Task instructions: Repeat the listing word for word. No pictures belong in the copy.

Given data:
- - -

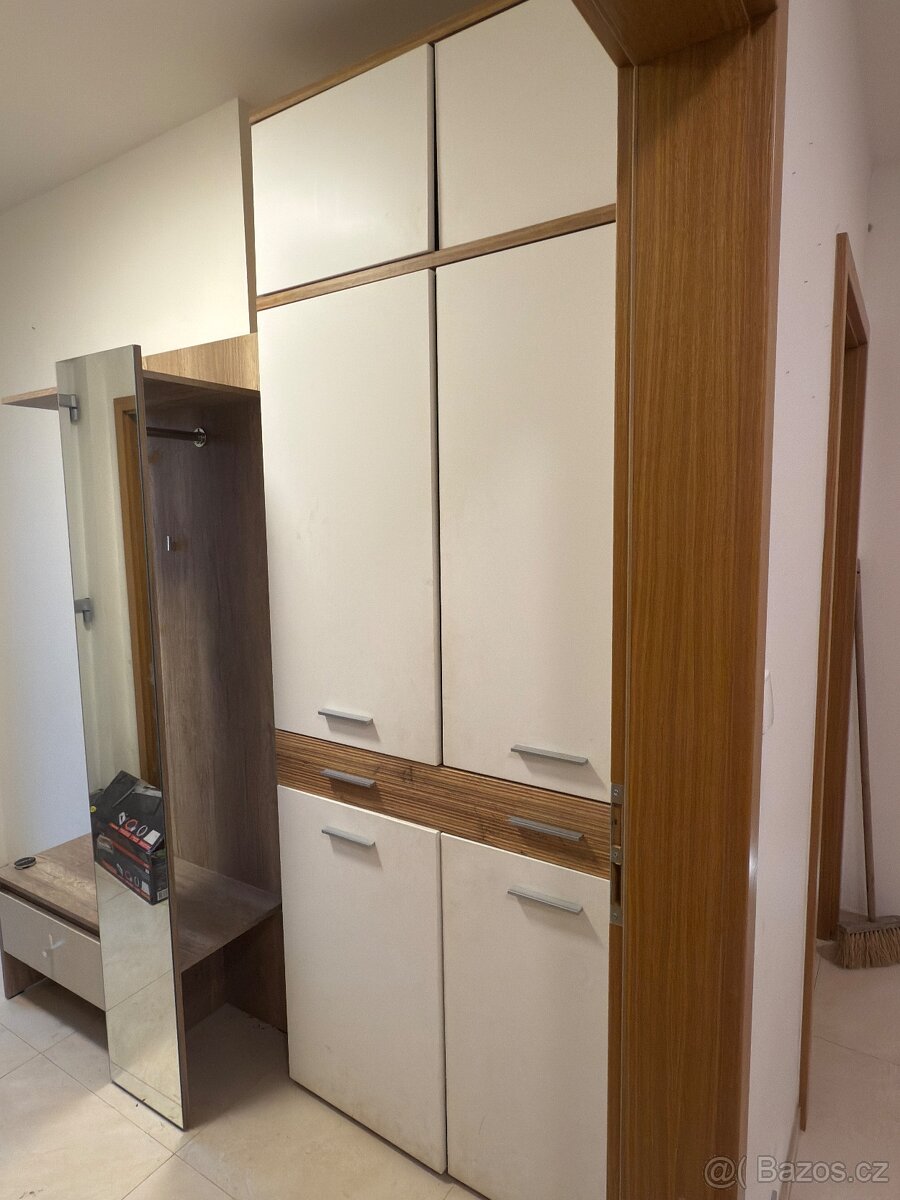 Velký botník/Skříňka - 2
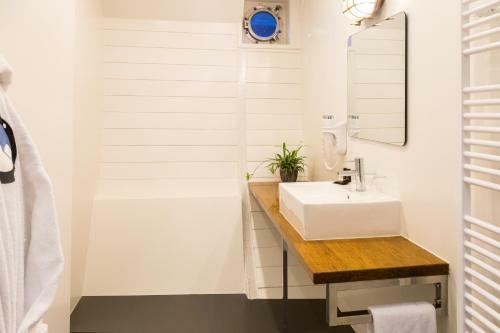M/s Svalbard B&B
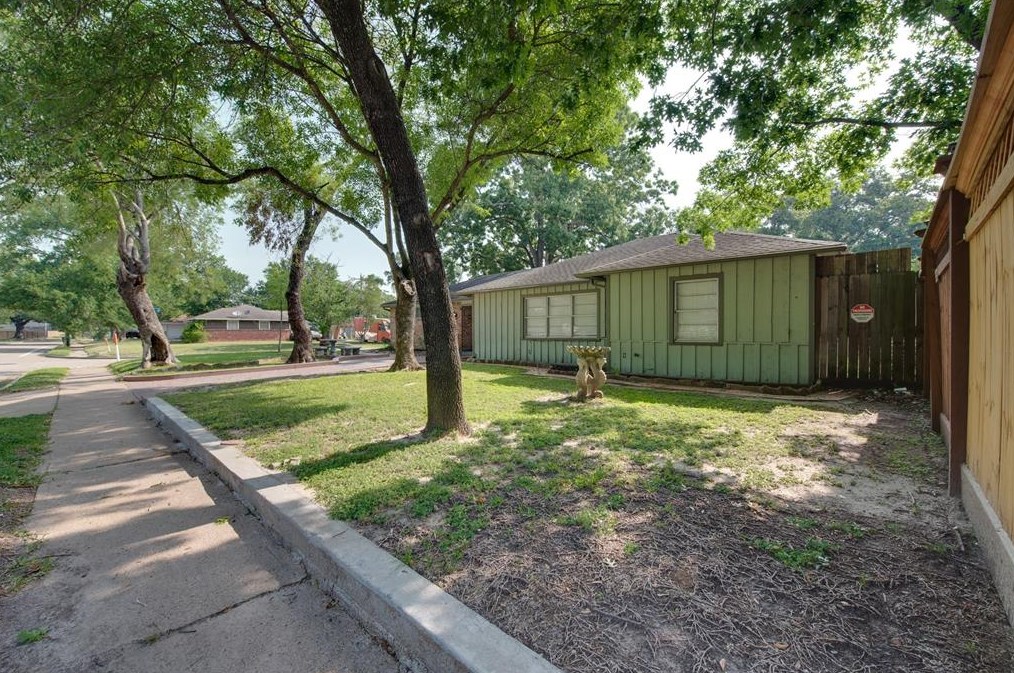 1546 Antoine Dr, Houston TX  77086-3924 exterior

- - -

Exercise result:
 Velký botník/Skříňka - 2
M/s Svalbard B&B
 1546 Antoine Dr, Houston TX  77086-3924 exterior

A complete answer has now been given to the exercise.